Intensive care unit (ICU) data are highly irregular, heterogeneous, and temporally fragmented, posing challenges for generalizable clinical prediction. We present PULSE-ICU, a self-supervised foundation model that learns event-level ICU representations from large-scale EHR sequences without resampling or manual feature engineering. A unified embedding module encodes event identity, continuous values, units, and temporal attributes, while a Longformer-based encoder enables efficient modeling of long trajectories. PULSE-ICU was fine-tuned across 18 prediction tasks, including mortality, intervention forecasting, and phenotype identification, achieving strong performance across task types. External validation on eICU, HiRID, and P12 showed substantial improvements with minimal fine-tuning, demonstrating robustness to domain shift and variable constraints. These findings suggest that foundation-style modeling can improve data efficiency and adaptability, providing a scalable framework for ICU decision support across diverse clinical environments.

Figures (18)

• Figure 1: Illustration of irregular, heterogeneous ICU event sequences in EHR. Each row corresponds to a clinical variable (vital sign, laboratory test, procedure, medication), and each dot denotes a recorded event at its native timestamp.

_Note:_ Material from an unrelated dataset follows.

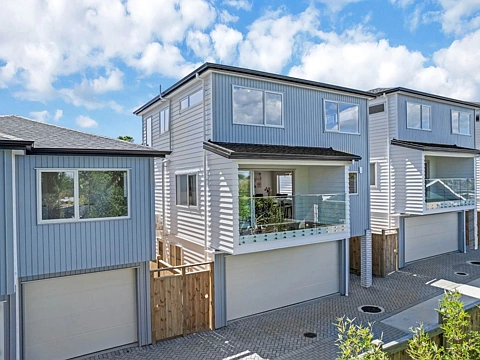 Pakuranga 5房  Last One Left!Brand New!Spacious!TWO Living Rooms!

• Figure 2: Representative ICU-focused foundation models for structured EHR data. For each study, we summarize the primary datasets, event embedding strategy, self-supervised pretraining objectives, backbone architecture, and major downstream clinical applications.
• Figure 3: Effect of fine-tuning data size on the downstream performance of PULSE-ICU in MIMIC-IV. Mean AUROC and AUPRC are plotted for binary classification, multi-class (SOFA; macro-averaged), multi-label (phenotype; macro-averaged), and the overall average across all tasks as the proportion of labeled fine-tuning data increases (0%, 10%, 30%, and 100%).

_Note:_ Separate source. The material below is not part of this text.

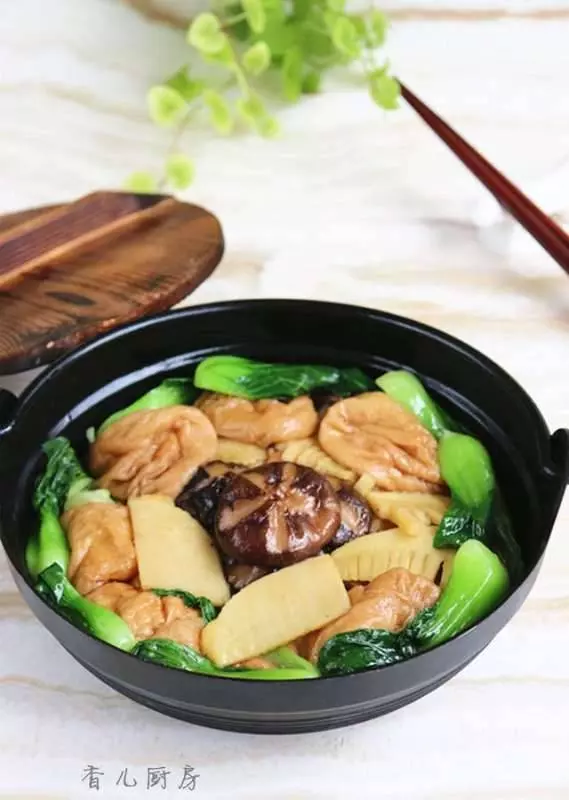 美味素食蚝油鮮筍麵筋~大家可學者煮~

• Figure 4: Performance of the fine-tuned PULSE-ICU model under feature-limited conditions (MIMIC-Limited). Using only the 72 variables, AUROC (solid blue line) and AUPRC (dashed red line) are reported for binary, multi-class (SOFA), multi-label (phenotype), and overall task groups as the proportion of labeled fine-tuning data increases from 0% (zero-shot) to 100%.
• Figure 5: External validation and domain adaptation performance of the fine-tuned PULSE-ICU model across six target datasets: HiRID-first, HiRID-last, HiRID-4093, P12-24hr, P12-48hr, and eICU. For each dataset, AUROC (blue) and AUPRC (red) are plotted as functions of the proportion of target-domain data used for fine-tuning (0%–100%). Dashed horizontal lines denote the performance of models trained from random initialization using 100% of the target-domain data.